Single Market Performance Report

The 2019 Single Market Performance Report is an in-depth report of the European Union's Single Market from the perspective of economic outcomes. It deals with goods and service markets and competition on those markets. It also has a closer look at energy, infrastructure and the environment, public procurement, digital markets and capital markets.

The Single Market ranks at the top among the greatest accomplishments of European integration. For over 25 years, it has been delivering growth, jobs, legal certainty to business, a wide choice of safe products to consumers and guaranteeing the free movement to EU citizens within Member States. It is part of our daily life, interweaving the activities of businesses and consumers across borders. The Single Market and its benefits should not be taken for granted: without the Single Market, the EU GDP would be 8.5 percent lower than it is today.

What are the key findings of the SMPR 2019?

The key findings of the report include the following points:

  • Goods markets present a high level of integration. Services markets present the highest potential for further integration, but regulatory barriers still hamper integration.
  • In some sectors, weak competition prevents consumers and businesses from reaping the full benefits from the Single Market.
  • The Single Market is contributing significantly to the digitalisation of Europe's economy but its lasting performance requires the reinforcement and further development of the current digital ecosystem.
  • Significant progress has been achieved in the integration of energy markets, but cross-border energy trade and competition in energy markets must be improved.
  • Ensuring high standards of environmental protection and product safety is a major component of the performance of the Single Market spanning over a broad range of economic activities. The size and importance of the Single Market gives Europe a high profile and influence on global issues such as climate protection and the respect of the rule of law and human rights.
  • At the core of the Single Market, standardisation plays a key role to further the EU sustainable development agenda.
  • The Single Market has gone a long way in integrating public procurement across Europe, but the performance in public procurement could still be improved.
  • The Single Market provides a stable and predictable environment for businesses that can provide a safe-harbour to carry out operations internally and across the globe. 
  • The size and importance of the Single Market give Europe a high profile and influence on global issues such as climate protection and the respect of the rule of law and human rights.
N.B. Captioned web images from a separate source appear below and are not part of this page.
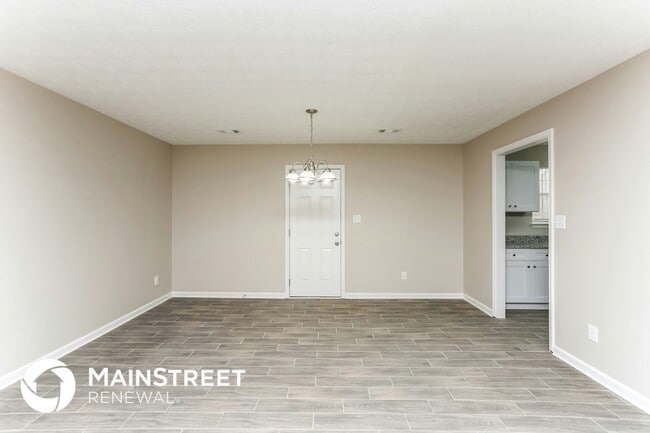 305 Barr Cir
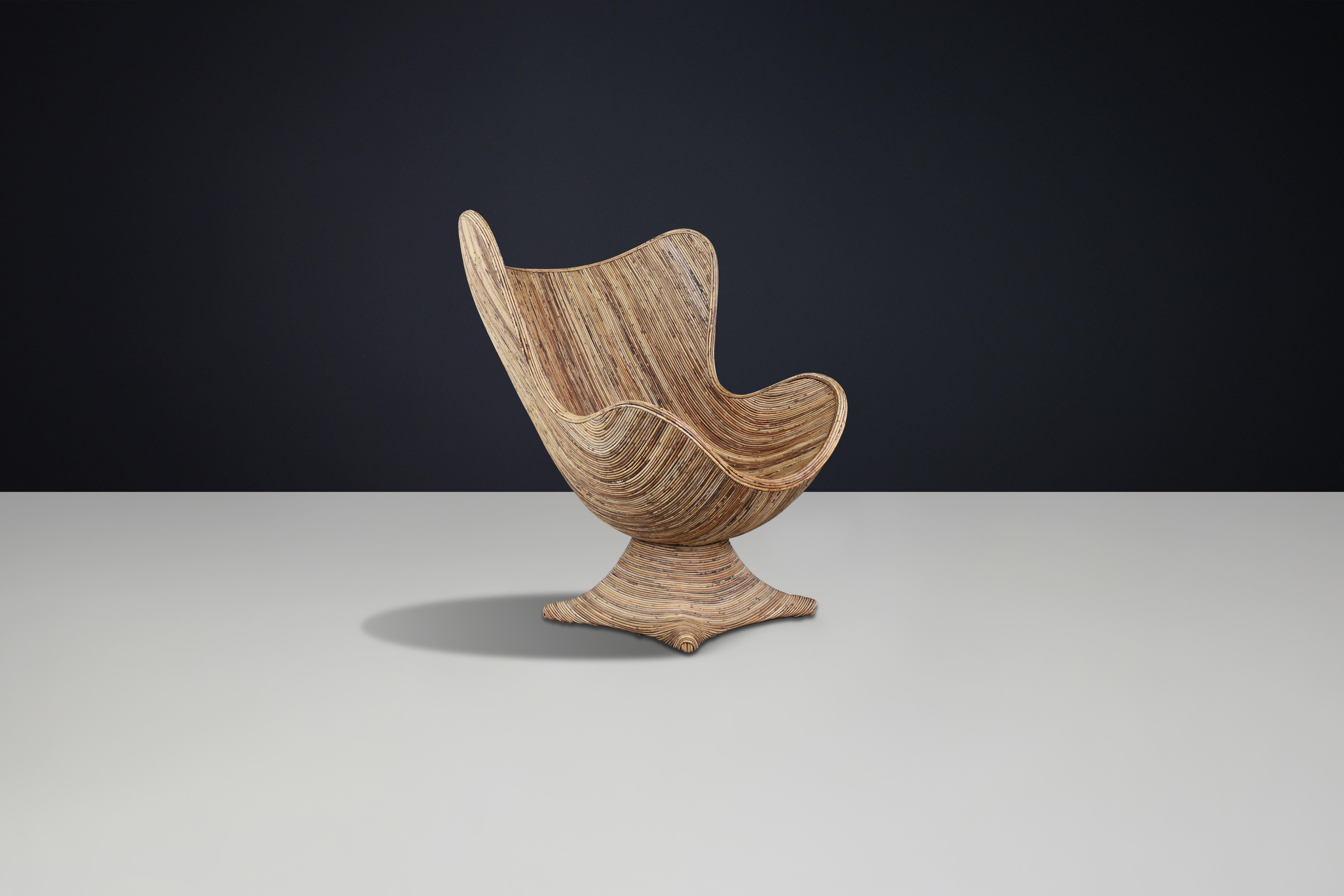 Large Sculptural Rattan Lounge or Egg Chair, Italy, 1980s

Introducing the sculptural Rattan Lounge or Egg Chair, a rare gem from Italy in the 1980s. Its unique egg-shaped design and exquisite patina make it a fascinating addition to any interior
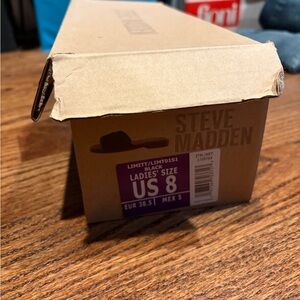 Steve Madden Black sandals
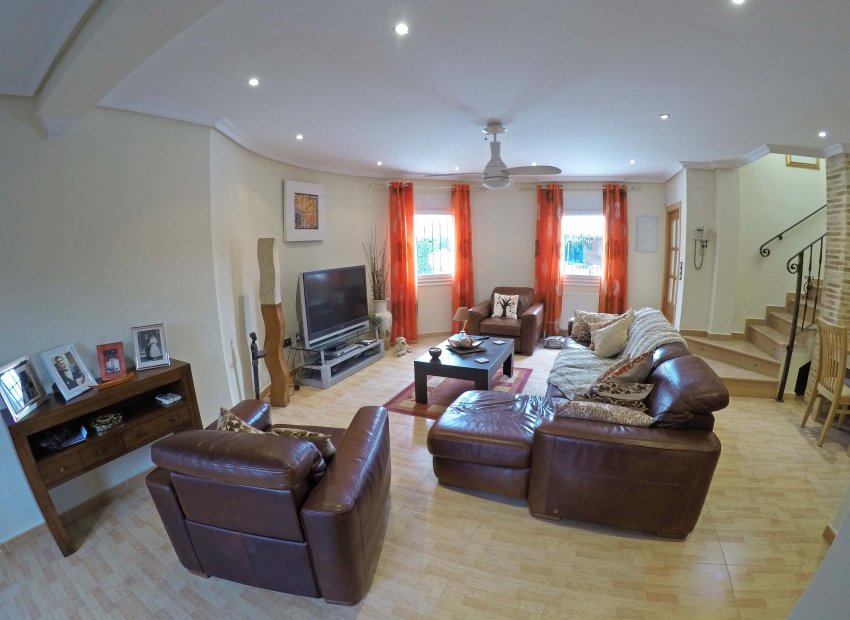 Reventa - Villa - Torrevieia - El Chaparral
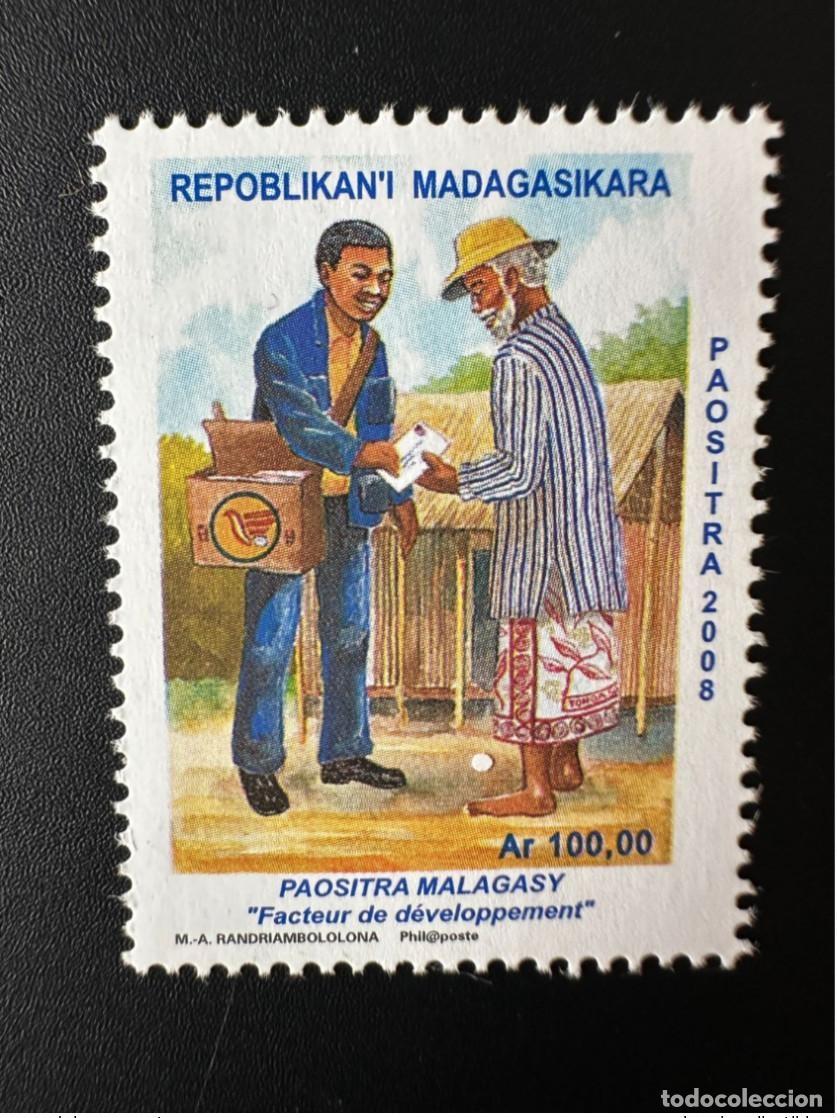 Sellos: Madagascar 2008 Mi. 2654 Paositra Factor de desarrollo del cartero malgache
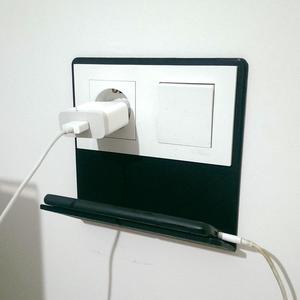 PHONE HOLDER FOR PLUG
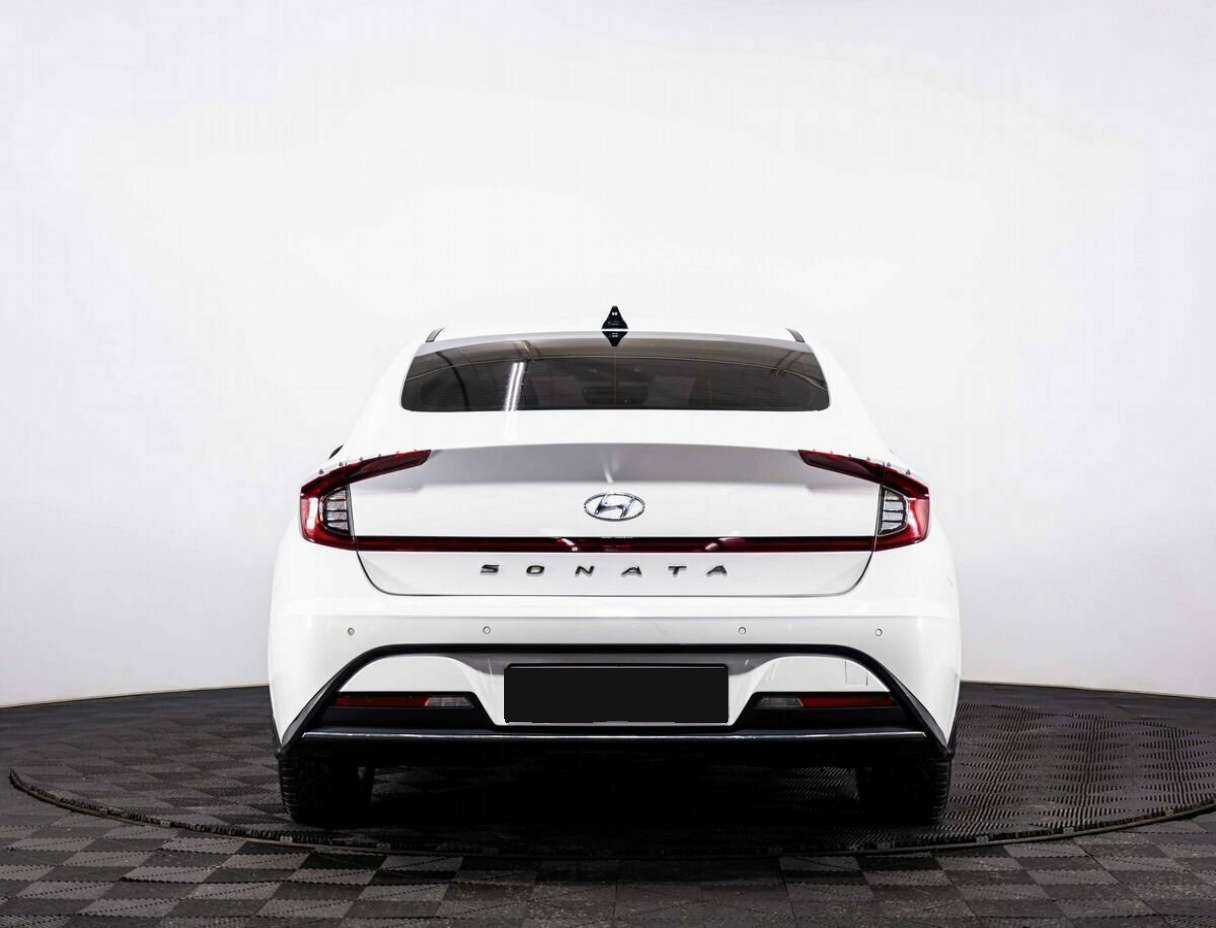 Купить Hyundai Sonata с пробегом. Фото: #4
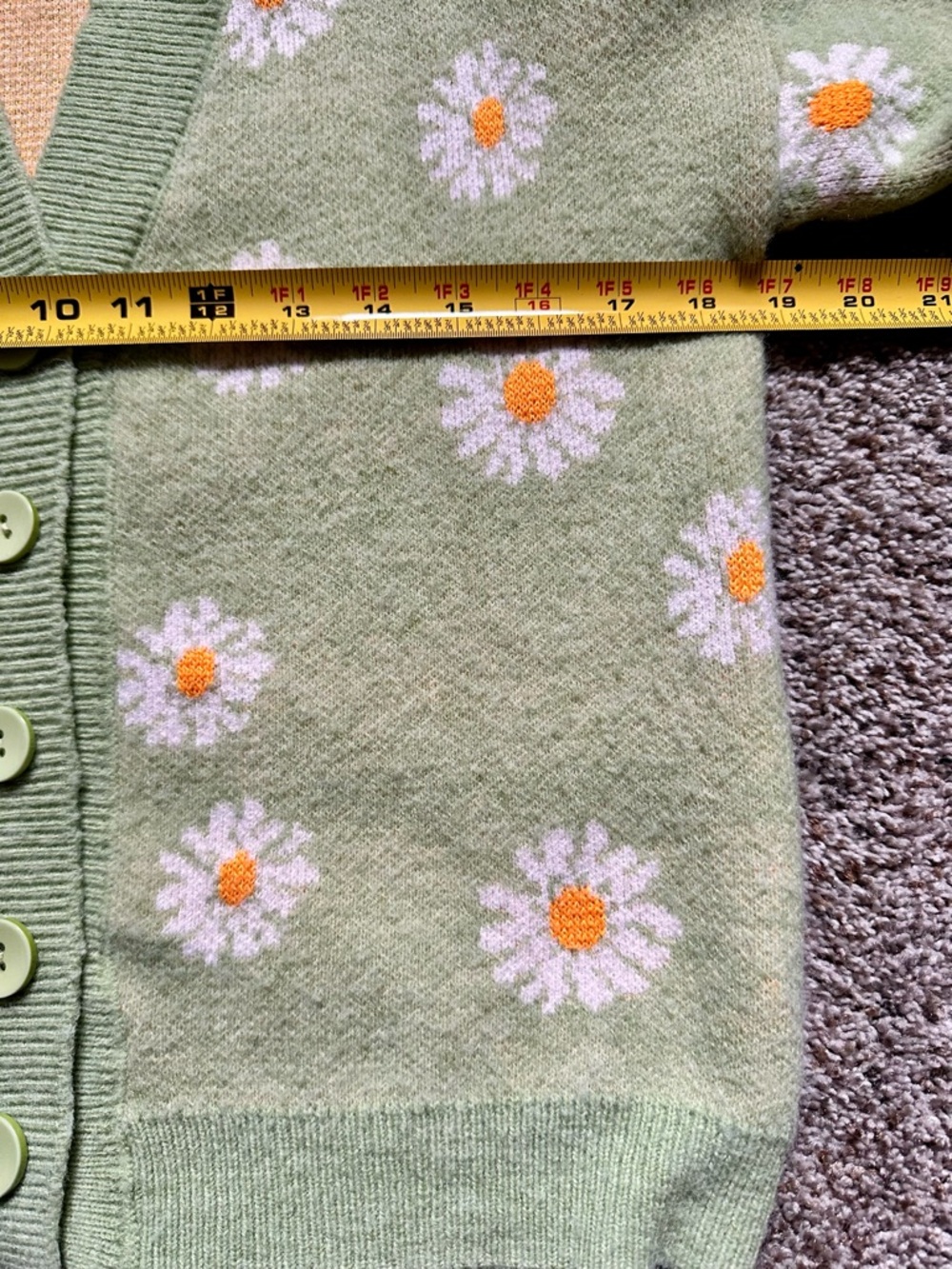 Green Daisy Cardigan Sweater - Picture 3 of 6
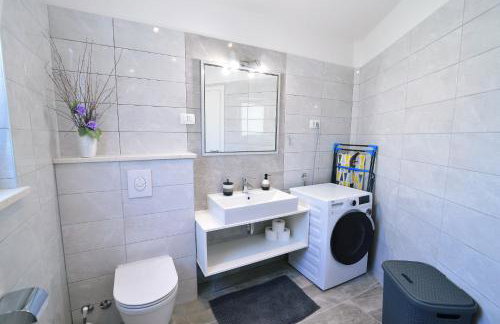 Apt3 - Villa Perla with swimming pool, Lovran - Opatija - Photo 40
Why is the Single Market Performance report now part of the Autumn package?

The consideration of cross-border activities in the Single Market will help better understand the spillover effects of national policy measures and the impact of structural reforms, not just at the domestic level but also for the Union as a whole. While the Semester country reports and country-specific recommendations focus on Member States, this report takes a broader EU level perspective and zooms on the Single Market's overall deliverables.

Annual Monitoring Report on the Structural Reform Support Programme

What is the Annual Monitoring Report on the Structural Reform Support Programme? How does it fit into the European Semester?

The Structural Reform Support Programme entered into force in May 2017 and has a budget of €222.8 million until 2020. It provides tailor-made expertise on the practical aspects of reforms in Member States. The programme is available to all EU Member States upon their request.

The Commission monitors how support measures financed by the programme are implemented and provides an annual monitoring report for each year of the implementation. In 2018, 146 requests from 24 Member States were selected for funding from the programme. 93% relate directly to the strategic priorities of the EU such as the implementation of reform challenges highlighted in the European Semester process; implementation of Union priorities, including the establishment of a capital markets union, a digital single market and an energy union); and EU law. The remaining 7% are linked to the implementation of Member States' own reforms.